Background: Dynamic 3D (4D) reconstruction has advanced rapidly with the progress of NeRF / 3D Gaussian Splatting (3DGS) and 2D foundation models. The most convenient acquisition method is using a monocular dynamic camera, where a single person moves around the scene.

Limitations of Prior Work: The monocular setting has a fundamental flaw—depth ambiguity. Due to the lack of multi-view constraints, even state-of-the-art methods (like MoSca) face underdetermined scene depth at any given moment, leading to "drifting" geometry. Conversely, dense fixed-camera setups (often requiring 20+ units) eliminate ambiguity but are impractical due to high deployment costs.

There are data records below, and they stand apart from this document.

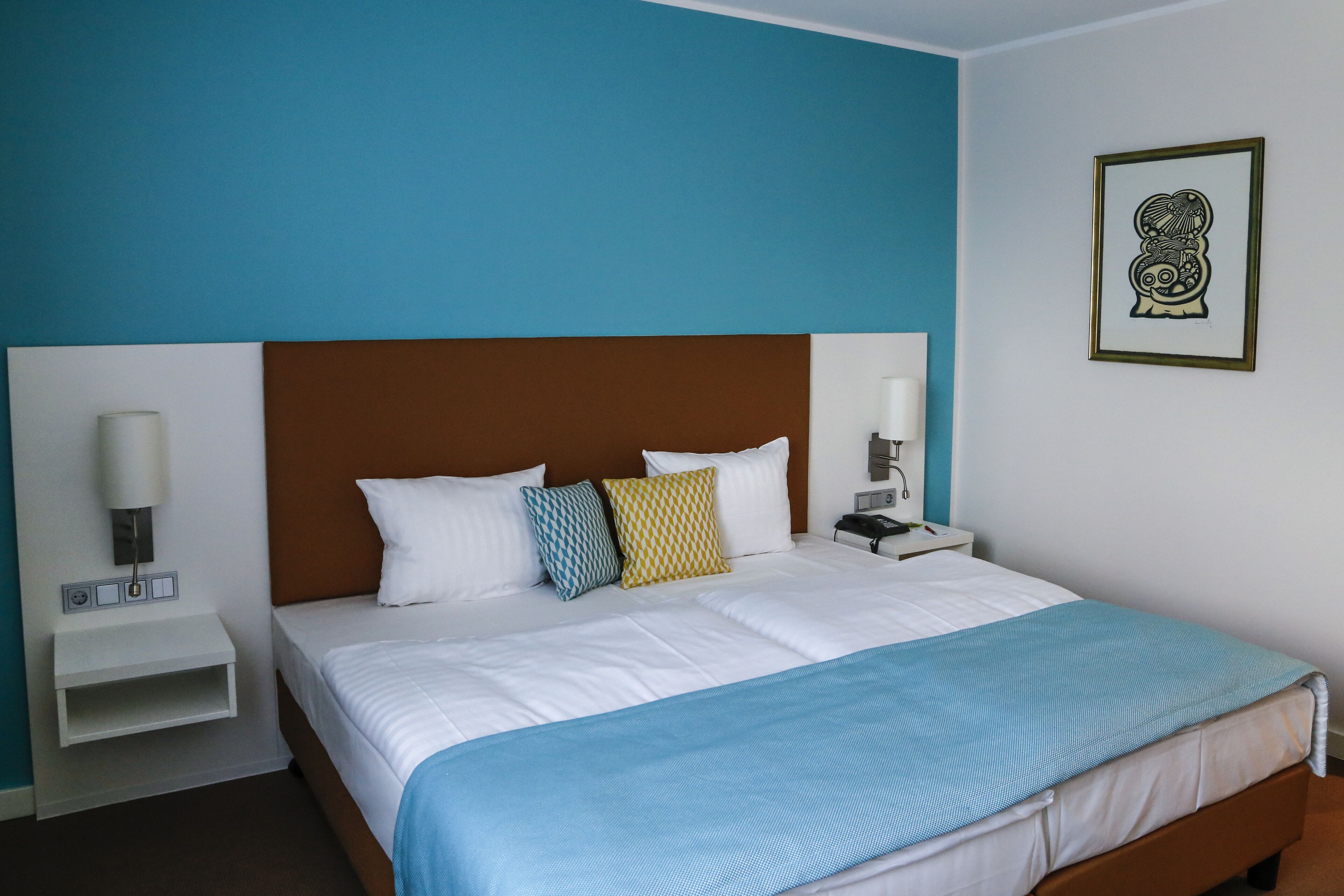 A hotel room with a large bed, white bedding, a blue and white striped blanket, and a brown headboard. There are two bedside tables with lamps and a small shelf.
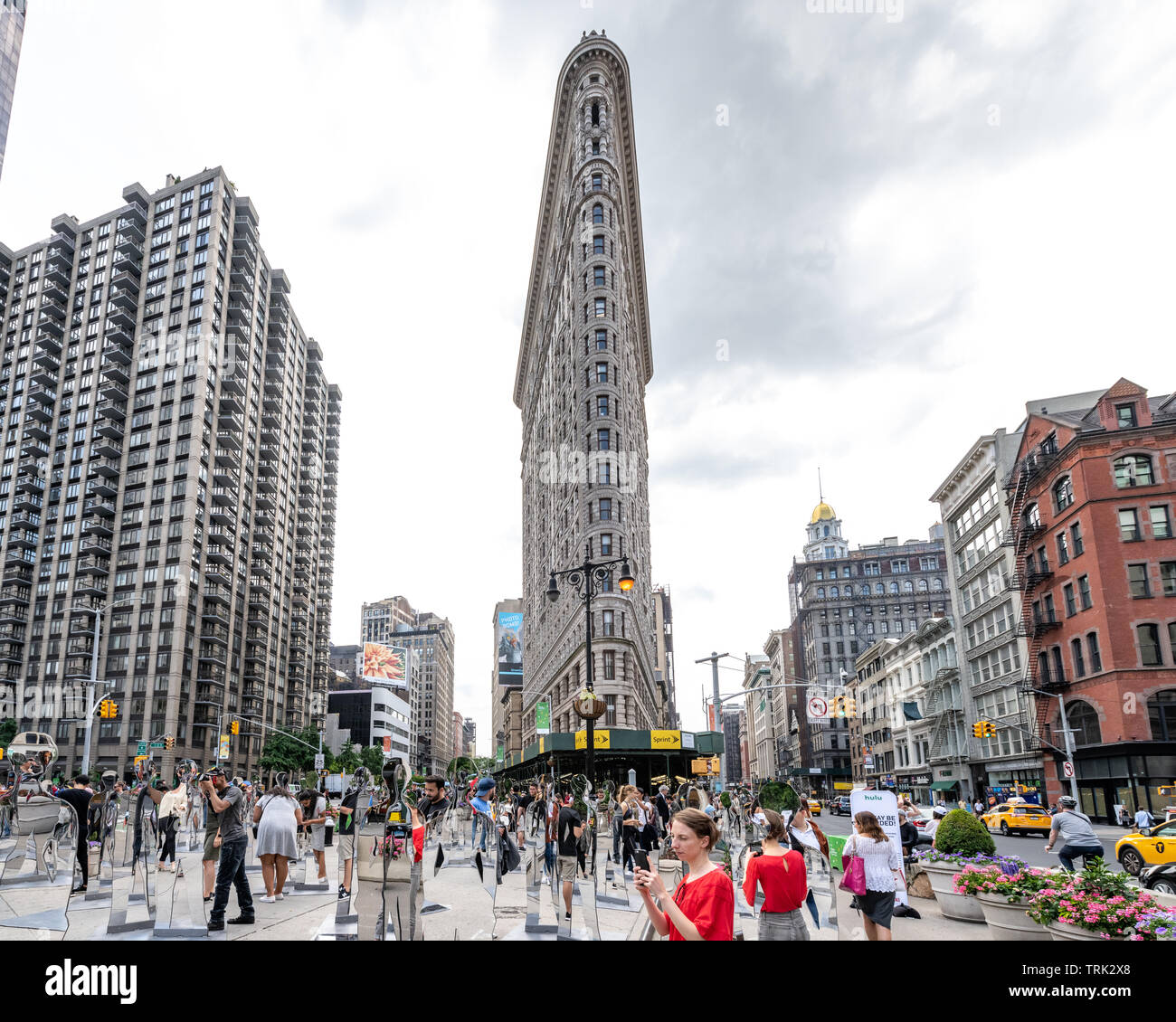 New York, USA,  7 June 2019. Visitors photograph a one-day art installation called 'The Shape of History' in New York City's Flatiron plaza. The installation organized by CNN and Hulu to promote their series 'The Handmaid's Tale' consists of 140 mirrored statues - the amount needed for equal gender representation in New York City, where only 5 out of the city's 145 statues represent women. Credit: Enrique Shore/Alamy Live News Stock Photo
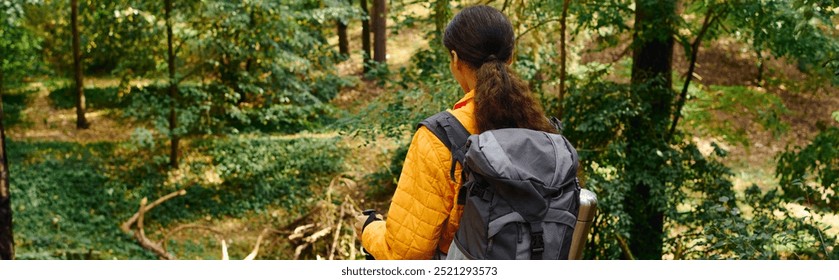 A young woman explores the beauty of a forest in autumn, immersed in nature and adventure. - Powered by Shutterstock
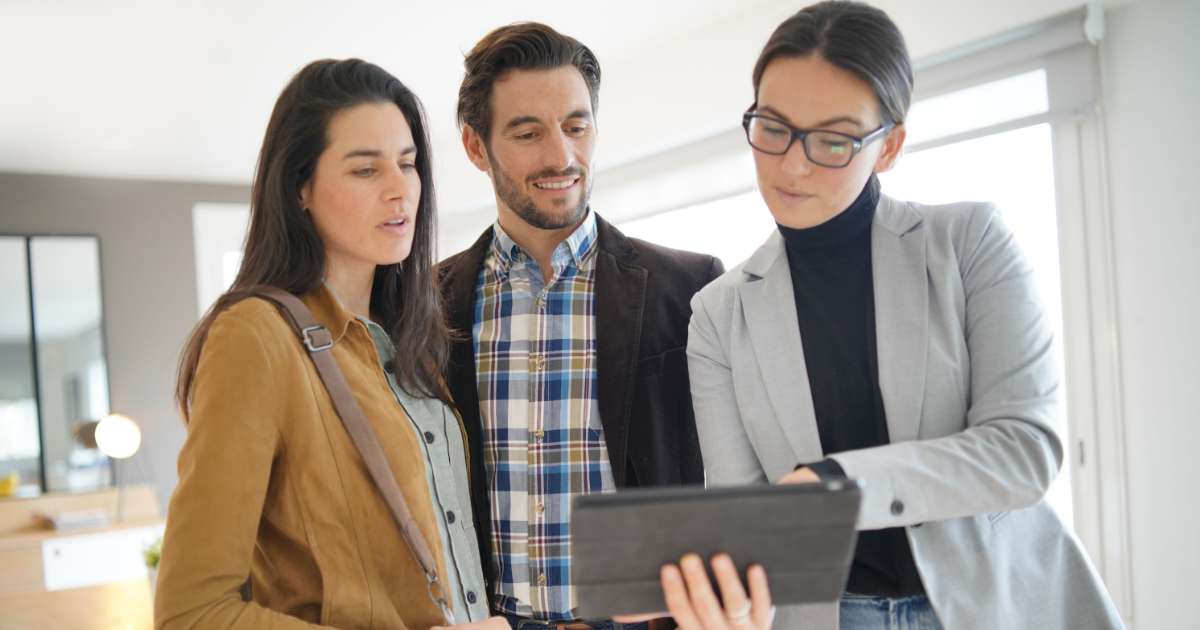 couple talking to real estate investor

Key Challenge: High-fidelity reconstruction requires multi-view constraints to resolve depth ambiguity, yet these constraints traditionally rely on dense fixed-camera arrays, which directly conflicts with the goal of "low-cost, easy-to-deploy" systems. This paper targets the middle ground.

Goal: To study the overlooked yet practical setting of sparse dynamic cameras: a few (3 in this study) independently moving cameras simultaneously capturing the same subjects. This setup utilizes multi-view constraints to resolve depth ambiguity while remaining low-cost, naturally fitting real-world video production scenarios like concerts, sports, TV shows, and multi-phone casual captures to enable free-viewpoint video.

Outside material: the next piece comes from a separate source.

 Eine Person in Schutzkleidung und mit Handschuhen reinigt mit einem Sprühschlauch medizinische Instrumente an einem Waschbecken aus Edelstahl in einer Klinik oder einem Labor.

Key Insight: Experiments show that simply extending monocular methods (MoSca) or dense fixed-camera methods to this setting fails. The root cause is spatio-temporal inconsistency across views and time: each camera estimates depth and tracks points independently, resulting in dynamic point clouds that do not align across views or timestamps. Even the latest multi-view depth estimators and 3D point trackers fail due to the domain gap between their training data and the "large motion of both cameras and subjects" in this setting. The issue lies in initialization: MoSca’s motion scaffold initialization is designed for monocular use and fails with sparse dynamic cameras.

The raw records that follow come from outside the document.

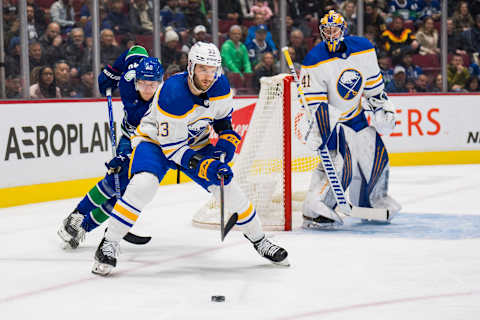 Mar 20, 2022; Vancouver, British Columbia, CAN; Vancouver Canucks forward Elias Pettersson (40) skates after Buffalo Sabres defenseman Colin Miller (33) in the first period at Rogers Arena. Mandatory Credit: Bob Frid-USA TODAY Sports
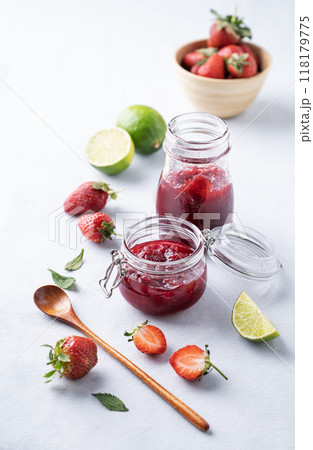 Homemade strawberry jam. Preserved food in a glass jar with fresh organic berries Homemade strawberry jam. Preserved food in a glass jar with fresh organic berries 118179775
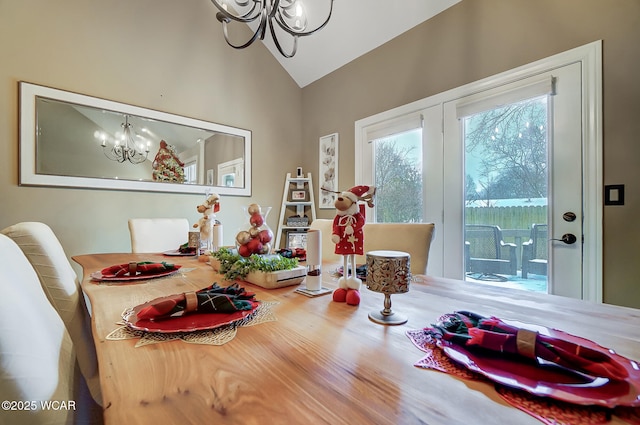 dining space featuring lofted ceiling and a chandelier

Core Idea: Instead of modifying the 3DGS backbone, the authors redesign the 3D trajectory initialization for the motion scaffold. They use cross-camera feature matching to establish correspondences between different views at the same timestamp, then use in-camera point tracking to link these correspondences over time. Through epipolar filtering and frame-by-frame triangulation, they obtain 3D trajectories that strictly satisfy multi-view consistency, providing a reliable "motion scaffold prior" for optimization.

Method

Overall Architecture

The input consists of \(C\) (where \(C=3\)) time-synchronized RGB videos from independently moving cameras with known intrinsics and time-varying extrinsics. The output is a high-fidelity 4D representation. The backbone follows MoSca: the scene is represented by a set of 3D Gaussians, overlaid with sparse "motion scaffold nodes" carrying time-varying \(SE(3)\) transformations. A KNN graph and Dual Quaternion Blending (DQB) are used to interpolate node motion to any query point, warping dynamic Gaussians from the canonical space to each frame for splatting.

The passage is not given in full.